I would second Fishindude's suggestion, although I will say you might have a hard time finding a structural engineer willing to take on your project. Reason being the materials you are looking at using (plexiglas mainly) are not materials most structural engineers would be comfortable dealing with. The anchoring into concrete would be child's play for any structural engineer worth their salt, and stainless steel is close enough to the more typical A36, A572, and A992 we deal with all the time that it shouldn't present issues.
I have designed an indoor plexiglas platform for a clean room, but no other structural engineers I know have dealt with the material. Personally I would be somewhat concerned with using that material due to the combination of UV exposure and chlorine/bromine. Any UV coating would be useless since it would be scraped off with that application. There might be an acrylic blend of some variety that would be ok to use for these...I'm not really familiar enough with the material to know but I suspect there would be.

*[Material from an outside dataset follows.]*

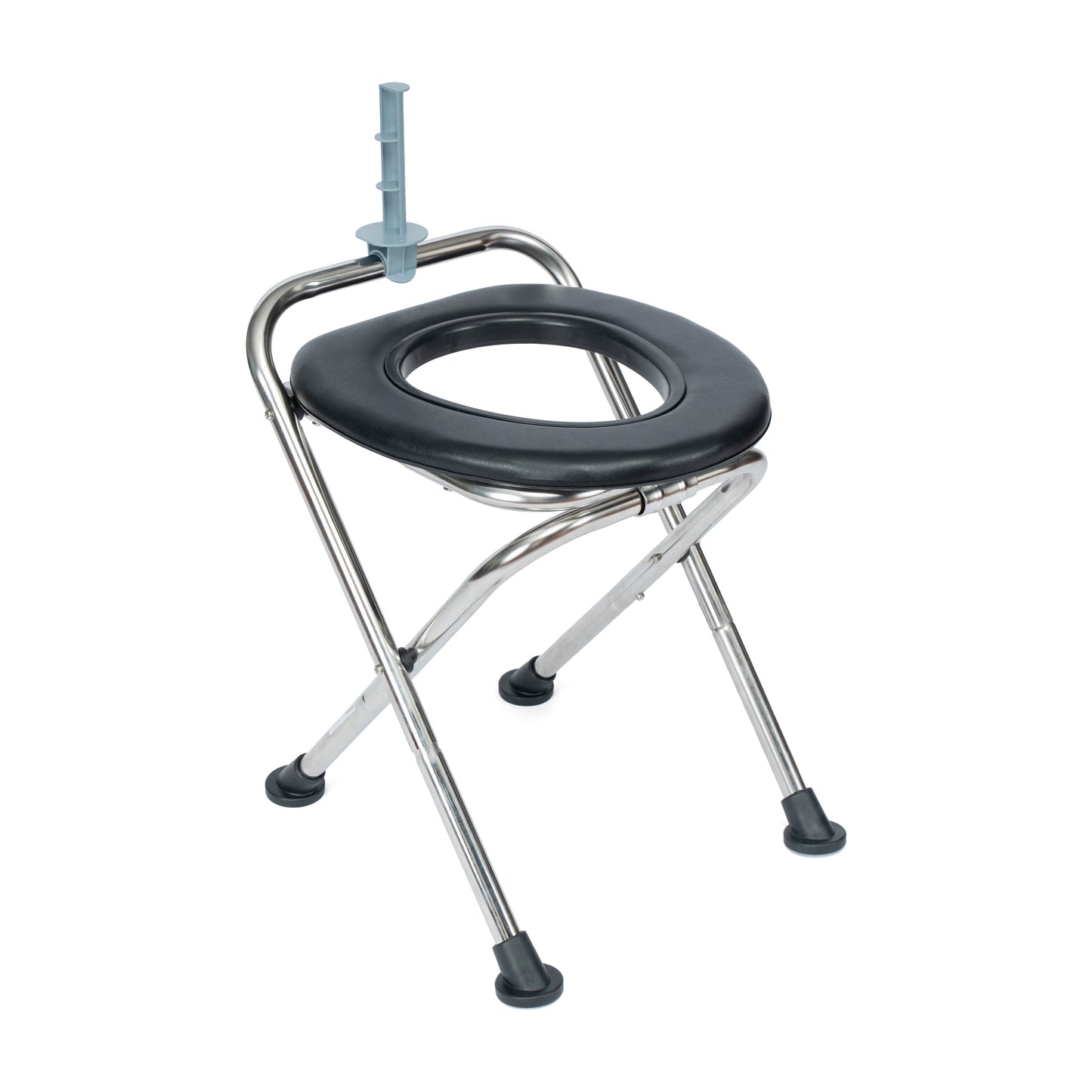 HERCULES Folding Travel Toilet with Toilet Tissue Holder, Cushioned Vinyl Seat, and Stainless Steel Frame with Non-Slip Rubber Feet in Black Silver/Black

The only industry that comes to mind which would have people that are very familiar with that material for structural uses would be the aerospace industry. So if you happen to know a structural engineer retired from Boeing or similar, you will be in luck! If not, best of luck finding someone. We do occasionally get calls at our office for people looking to do smaller oddball projects like this and we generally farm them out to a few people we know that used to work for the company. So perhaps calling around to some smaller structural engineering firms will get you some options.